UNMAINTAINED Project Mentat

Build Status

Project Mentat is no longer being developed or actively maintained by Mozilla. This repository will be marked read-only in the near future. You are, of course, welcome to fork the repository and use the existing code.

Project Mentat is a persistent, embedded knowledge base. It draws heavily on DataScript and Datomic.

Mentat is implemented in Rust.

The first version of Project Mentat, named Datomish, was written in ClojureScript, targeting both Node (on top of promise_sqlite) and Firefox (on top of Sqlite.jsm). It also worked in pure Clojure on the JVM on top of jdbc-sqlite. The name was changed to avoid confusion with Datomic.

The Rust implementation gives us a smaller compiled output, better performance, more type safety, better tooling, and easier deployment into Firefox and mobile platforms.

Documentation


Motivation

Mentat is intended to be a flexible relational (not key-value, not document-oriented) store that makes it easy to describe, grow, and reuse your domain schema.

By abstracting away the storage schema, and by exposing change listeners outside the database (not via triggers), we hope to make domain schemas stable, and allow both the data store itself and embedding applications to use better architectures, meeting performance goals in a way that allows future evolution.

Data storage is hard

We've observed that data storage is a particular area of difficulty for software development teams:

  • It's hard to define storage schemas well. A developer must:

    • Model their domain entities and relationships.
    • Encode that model efficiently and correctly using the features available in the database.
    • Plan for future extensions and performance tuning.

    In a SQL database, the same schema definition defines everything from high-level domain relationships through to numeric field sizes in the same smear of keywords. It's difficult for someone unfamiliar with the domain to determine from such a schema what's a domain fact and what's an implementation concession — are all part numbers always 16 characters long, or are we trying to save space? — or, indeed, whether a missing constraint is deliberate or a bug.

    The developer must think about foreign key constraints, compound uniqueness, and nullability. They must consider indexing, synchronizing, and stable identifiers. Most developers simply don't do enough work in SQL to get all of these things right. Storage thus becomes the specialty of a few individuals.

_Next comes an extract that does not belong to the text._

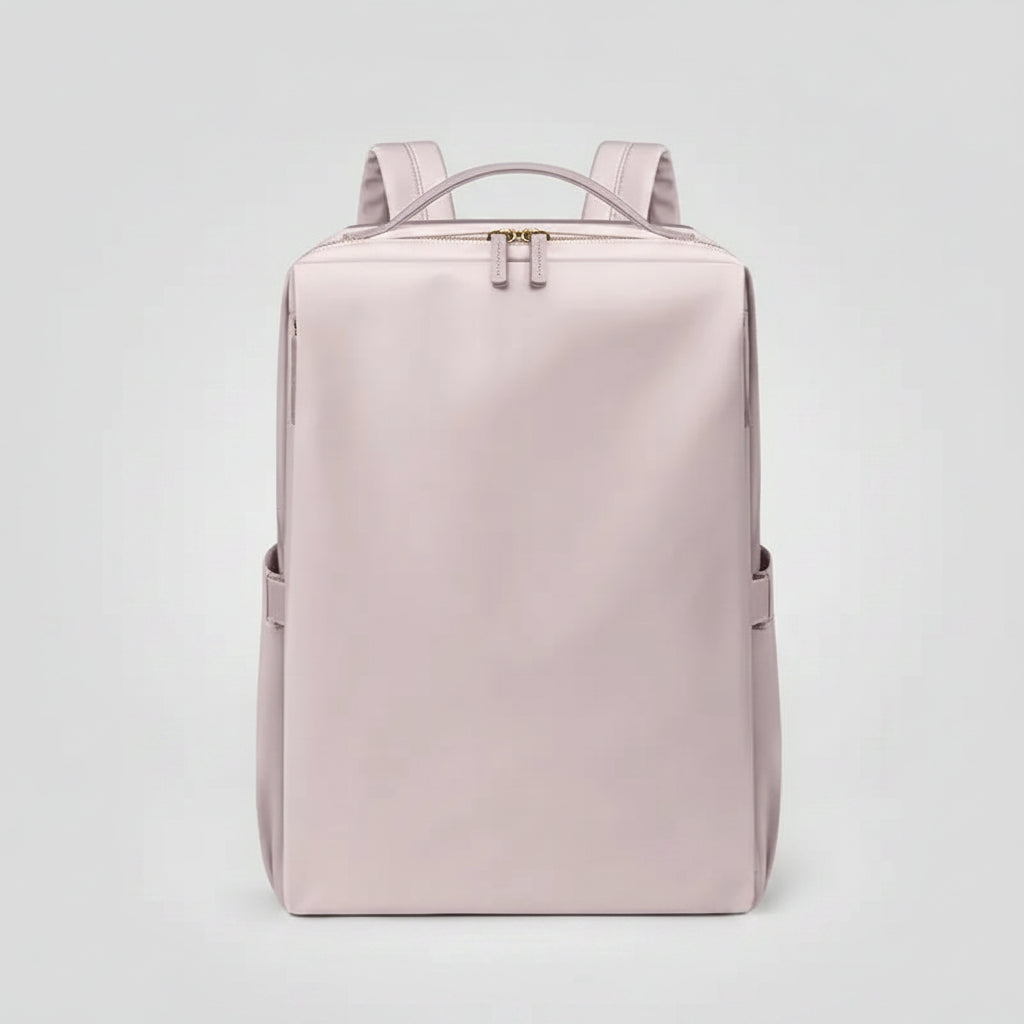 Pink backpack on a white background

    Which one of these is correct?

    {:db/id          :person/email
     :db/valueType   :db.type/string
     :db/cardinality :db.cardinality/many     ; People can have multiple email addresses.
     :db/unique      :db.unique/identity      ; For our purposes, each email identifies one person.
     :db/index       true}                    ; We want fast lookups by email.
    {:db/id          :person/friend
     :db/valueType   :db.type/ref
     :db/cardinality :db.cardinality/many}    ; People can have many friends.
    CREATE TABLE people (
      id INTEGER PRIMARY KEY,  -- Bug: because of the primary key, each person can have no more than 1 email.
      email VARCHAR(64),       -- Bug?: no NOT NULL, so a person can have no email.
                               -- Bug: nobody will ever have a long email address, right?
    );
    CREATE TABLE friendships (
      FOREIGN KEY person REFERENCES people(id),  -- Bug?: no indexing, so lookups by friend or person will be slow.
      FOREIGN KEY friend REFERENCES people(id),  -- Bug: no compound uniqueness constraint, so we can have dupe friendships.
    );

    They both have limitations — the Mentat schema allows only for an open world (it's possible to declare friendships with people whose email isn't known), and requires validation code to enforce email string correctness — but we think that even such a tiny SQL example is harder to understand and obscures important domain decisions.

  • Queries are intimately tied to structural storage choices. That not only hides the declarative domain-level meaning of the query — it's hard to tell what a query is trying to do when it's a 100-line mess of subqueries and LEFT OUTER JOINs — but it also means a simple structural schema change requires auditing every query for correctness.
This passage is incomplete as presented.